### RECORD EXCERPTS
┄┄┄┄┄┄┄┄┄┄┄┄┄┄┄┄┄┄┄┄

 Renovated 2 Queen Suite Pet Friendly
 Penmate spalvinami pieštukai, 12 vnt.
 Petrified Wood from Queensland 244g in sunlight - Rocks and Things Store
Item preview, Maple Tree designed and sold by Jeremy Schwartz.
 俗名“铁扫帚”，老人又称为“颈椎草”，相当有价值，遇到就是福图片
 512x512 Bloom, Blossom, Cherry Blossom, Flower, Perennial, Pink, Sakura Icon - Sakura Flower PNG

┄┄┄┄┄┄┄┄┄┄┄┄┄┄┄┄┄┄┄┄

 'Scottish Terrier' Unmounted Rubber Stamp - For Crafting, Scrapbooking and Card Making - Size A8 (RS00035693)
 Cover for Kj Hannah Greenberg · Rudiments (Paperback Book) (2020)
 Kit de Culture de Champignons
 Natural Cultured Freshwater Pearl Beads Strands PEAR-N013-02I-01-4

┄┄┄┄┄┄┄┄┄┄┄┄┄┄┄┄┄┄┄┄

### WORK TO BE COMPLETED
In the listing above, find the line containing "Item preview, Maple" and the line containing "512x512 Bloom, Blossom, Cherry", then quote both, plus every line between them, exactly as written.

### OUTPUT OF THE EXERCISE
Item preview, Maple Tree designed and sold by Jeremy Schwartz.
 俗名“铁扫帚”，老人又称为“颈椎草”，相当有价值，遇到就是福图片
 512x512 Bloom, Blossom, Cherry Blossom, Flower, Perennial, Pink, Sakura Icon - Sakura Flower PNG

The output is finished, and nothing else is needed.